Needless to say, our night was hot and stuffy, but we got up the next morning excited to go to Ephesus. I was a bit worried that my enthusiasm for ancient sites had been totally burned away by the American School, but I was delighted to feel that old excitement as soon as we stepped on site (just fyi: you have to get either a taxi or a bus to the site – we took a taxi to the upper gate). We wandered around the site for a good three and a half hours, and were blown away by the state of preservation of the Terrace Houses, Roman houses of the elite with elaborate mosaics and wall paintings, many of which can still be seen. It was an extra 15 lira, but absolutely hands-down worth it. I’ve never seen Roman houses like this, even in Pompeii. You get a real sense of what living in the space would have been like, since you can see the paintings on the walls and the mosaics on the floors, instead of behind glass at a museum. The rest of the site was equally impressive, especially the very famous Library of Celsus. Since we had gotten there at 9:00 am, by the time we were ready to leave around 12:30, the site was packed with tourists and the heat was sweltering.
After we returned to Selcuk, we decided to move to the “boutique” hotel, Ephesus Suites, which is really beautiful and definitely something we could not afford on our own (also, the AC works!). The owner of both hotels was incredible accommodating, so if you’re even in Selcuk, I definitely recommend either one of there establishments.
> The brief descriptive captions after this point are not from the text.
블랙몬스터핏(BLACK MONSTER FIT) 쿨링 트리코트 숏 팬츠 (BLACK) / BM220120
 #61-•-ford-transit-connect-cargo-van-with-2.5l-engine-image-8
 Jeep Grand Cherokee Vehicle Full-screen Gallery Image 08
After a nice lunch, we discovered that the Ephesus museum was closed for renovation, which was disappointing, so instead we walked over to the Temple of Artemis, which was one of the Seven Wonders of the Ancient World. Not much is left there now, just a single column cobbled together from various column drums, some foundations, and a lot of turtles in pools of standing water. After that, we hiked up the hill to the Byzantine/Ottoman fortress, through the Basilica of St. John. Despite the heat, it was a fun, beautiful walk and we got to see the church inside the fortress where apparently St. John wrote his Gospel. Pretty cool stuff!
I’m about to get into bed now, but I promise I’ll post some pictures tomorrow. We won’t be doing much tomorrow, just traveling to Pammukale, where more ruins await! Good night!